Purchase for a small sum of money (or get it copied by a friend) a CD named "Red Hat" or "Debian". This is your $5 paperclip removing tool.
Boot the machine with that. Follow instructions, and then go to have lunch. During this time, the dude with the red hat will look for every single little paperclip that may be hiding somewhere in your system.
When he is done, take out the CD (very important) and reboot the system. No more paperclip.

Phase 2

In order to be very thorough (and you should be, that paperclip is serious stuff), you should take your Office Installation CD, and go on the banks of a very wide river, or on a sea shore, or on a boat. Take along a 12 gauge shotgun (10 gauge would be probably too much), and a friend.
Cry "Pull !". Your friend will throw the Office Installation CD high into the air, and this is your chance to blast it to smithereens. You see, the paperclip's deep lair is right into that innocent looking silver disc.
Remember to give some lead. In the case you did not hit it, it will sink into the waters for ever more.
Notice that is considered bad sportsmanship to just set the CD on a brick in your backyard and execute it.

Baffo, why do you hate the paperclip so much ?
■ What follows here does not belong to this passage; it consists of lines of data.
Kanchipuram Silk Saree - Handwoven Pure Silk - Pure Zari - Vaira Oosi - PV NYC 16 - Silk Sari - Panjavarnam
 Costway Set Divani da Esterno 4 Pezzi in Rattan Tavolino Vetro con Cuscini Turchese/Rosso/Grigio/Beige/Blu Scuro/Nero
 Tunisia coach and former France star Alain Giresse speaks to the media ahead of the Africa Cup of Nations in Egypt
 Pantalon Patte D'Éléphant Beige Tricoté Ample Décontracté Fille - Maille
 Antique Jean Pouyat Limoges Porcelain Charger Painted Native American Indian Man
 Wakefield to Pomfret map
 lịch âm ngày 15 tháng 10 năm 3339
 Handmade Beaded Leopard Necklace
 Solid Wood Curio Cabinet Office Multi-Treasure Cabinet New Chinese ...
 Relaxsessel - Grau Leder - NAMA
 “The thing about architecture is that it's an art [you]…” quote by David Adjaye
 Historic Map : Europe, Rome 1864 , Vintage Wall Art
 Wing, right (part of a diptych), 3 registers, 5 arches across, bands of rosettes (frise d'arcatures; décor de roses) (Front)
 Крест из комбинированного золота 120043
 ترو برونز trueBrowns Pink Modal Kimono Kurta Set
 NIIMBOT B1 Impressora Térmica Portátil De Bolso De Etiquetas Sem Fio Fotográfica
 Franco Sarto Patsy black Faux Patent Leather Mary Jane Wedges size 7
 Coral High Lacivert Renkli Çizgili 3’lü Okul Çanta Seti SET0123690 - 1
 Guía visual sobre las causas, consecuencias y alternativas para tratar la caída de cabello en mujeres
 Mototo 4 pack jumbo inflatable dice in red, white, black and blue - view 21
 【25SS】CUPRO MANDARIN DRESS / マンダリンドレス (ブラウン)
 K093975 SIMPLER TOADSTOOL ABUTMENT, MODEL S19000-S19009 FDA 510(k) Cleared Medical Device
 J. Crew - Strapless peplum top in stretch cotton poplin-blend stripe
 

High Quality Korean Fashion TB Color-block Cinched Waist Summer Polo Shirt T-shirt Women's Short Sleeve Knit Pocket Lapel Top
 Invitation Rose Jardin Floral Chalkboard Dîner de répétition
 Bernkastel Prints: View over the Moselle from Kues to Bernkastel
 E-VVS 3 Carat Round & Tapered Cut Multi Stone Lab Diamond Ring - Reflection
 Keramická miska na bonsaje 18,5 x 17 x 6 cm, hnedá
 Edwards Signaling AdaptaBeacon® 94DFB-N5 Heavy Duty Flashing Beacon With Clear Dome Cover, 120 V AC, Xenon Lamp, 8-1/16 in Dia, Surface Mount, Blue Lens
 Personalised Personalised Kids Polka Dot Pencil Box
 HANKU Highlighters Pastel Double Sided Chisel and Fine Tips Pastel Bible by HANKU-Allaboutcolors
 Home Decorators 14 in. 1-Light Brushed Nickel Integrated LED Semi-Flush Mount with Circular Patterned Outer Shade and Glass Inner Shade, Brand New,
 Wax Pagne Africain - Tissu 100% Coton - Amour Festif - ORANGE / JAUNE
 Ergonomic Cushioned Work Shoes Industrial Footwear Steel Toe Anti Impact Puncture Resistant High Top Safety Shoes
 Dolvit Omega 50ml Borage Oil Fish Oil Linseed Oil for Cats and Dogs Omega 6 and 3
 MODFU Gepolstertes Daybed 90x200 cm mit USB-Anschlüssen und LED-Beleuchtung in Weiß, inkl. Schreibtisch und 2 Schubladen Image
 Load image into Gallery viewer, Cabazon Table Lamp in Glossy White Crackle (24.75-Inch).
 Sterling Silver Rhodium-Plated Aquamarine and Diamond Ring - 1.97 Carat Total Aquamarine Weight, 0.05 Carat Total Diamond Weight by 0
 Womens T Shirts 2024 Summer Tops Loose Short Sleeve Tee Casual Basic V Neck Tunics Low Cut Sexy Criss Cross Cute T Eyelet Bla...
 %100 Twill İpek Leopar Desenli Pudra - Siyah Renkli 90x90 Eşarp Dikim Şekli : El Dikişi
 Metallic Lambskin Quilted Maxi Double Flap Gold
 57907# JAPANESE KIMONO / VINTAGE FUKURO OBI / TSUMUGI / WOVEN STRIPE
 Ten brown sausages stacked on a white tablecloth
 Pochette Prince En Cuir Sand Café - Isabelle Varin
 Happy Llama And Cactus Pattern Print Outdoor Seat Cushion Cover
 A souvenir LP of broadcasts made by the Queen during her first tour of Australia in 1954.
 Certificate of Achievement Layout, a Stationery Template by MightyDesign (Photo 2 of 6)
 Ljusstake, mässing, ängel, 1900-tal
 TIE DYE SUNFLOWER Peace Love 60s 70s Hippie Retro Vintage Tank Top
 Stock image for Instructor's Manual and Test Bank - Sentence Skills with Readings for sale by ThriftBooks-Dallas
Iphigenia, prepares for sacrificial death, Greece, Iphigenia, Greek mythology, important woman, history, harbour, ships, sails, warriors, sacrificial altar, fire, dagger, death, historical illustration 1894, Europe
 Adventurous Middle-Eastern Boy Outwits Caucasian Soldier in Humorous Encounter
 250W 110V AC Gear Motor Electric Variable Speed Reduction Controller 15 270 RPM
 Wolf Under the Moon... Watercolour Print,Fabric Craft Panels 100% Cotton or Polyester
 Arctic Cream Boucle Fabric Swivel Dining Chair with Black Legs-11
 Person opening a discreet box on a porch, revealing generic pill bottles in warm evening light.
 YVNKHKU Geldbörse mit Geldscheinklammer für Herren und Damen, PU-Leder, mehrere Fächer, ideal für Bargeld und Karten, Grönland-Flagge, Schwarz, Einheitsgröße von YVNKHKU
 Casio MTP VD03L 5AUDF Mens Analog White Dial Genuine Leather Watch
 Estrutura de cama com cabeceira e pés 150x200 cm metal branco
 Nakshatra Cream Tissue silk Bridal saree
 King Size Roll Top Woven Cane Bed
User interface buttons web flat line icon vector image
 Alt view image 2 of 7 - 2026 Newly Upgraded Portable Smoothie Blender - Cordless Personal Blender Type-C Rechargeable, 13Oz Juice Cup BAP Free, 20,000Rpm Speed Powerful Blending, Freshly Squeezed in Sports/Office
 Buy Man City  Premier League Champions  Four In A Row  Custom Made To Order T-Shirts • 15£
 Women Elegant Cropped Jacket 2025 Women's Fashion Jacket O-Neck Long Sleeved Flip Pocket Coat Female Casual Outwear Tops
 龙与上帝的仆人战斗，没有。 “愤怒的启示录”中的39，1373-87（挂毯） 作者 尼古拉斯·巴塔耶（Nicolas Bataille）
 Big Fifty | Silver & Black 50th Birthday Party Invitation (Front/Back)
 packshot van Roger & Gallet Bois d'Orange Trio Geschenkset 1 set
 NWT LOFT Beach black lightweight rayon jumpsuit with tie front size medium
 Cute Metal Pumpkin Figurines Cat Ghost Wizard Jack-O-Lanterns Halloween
Ah, this is personal trauma. I am a paperclip survivor. I was at -4 days from thesis delivery day, working on the indices on a machine that had Windows NT Workstation and Office installed. A new machine. No other software.
When the thesis file got to about 120 pages, the paperclip started helpfully saying something like "Who knows, your file may be damaged, you should be saving it under a different name, just in case, he he he."
The file was not damaged in fact, but the thing got on my nerves to no end: I mean, a new computer running the fscking operating system made by the guys that made the bloody application, and it hits the wall at 120 pages ?
My idea of software development is that you first solve things like data integrity, and then fuck around with dumbass paperclips.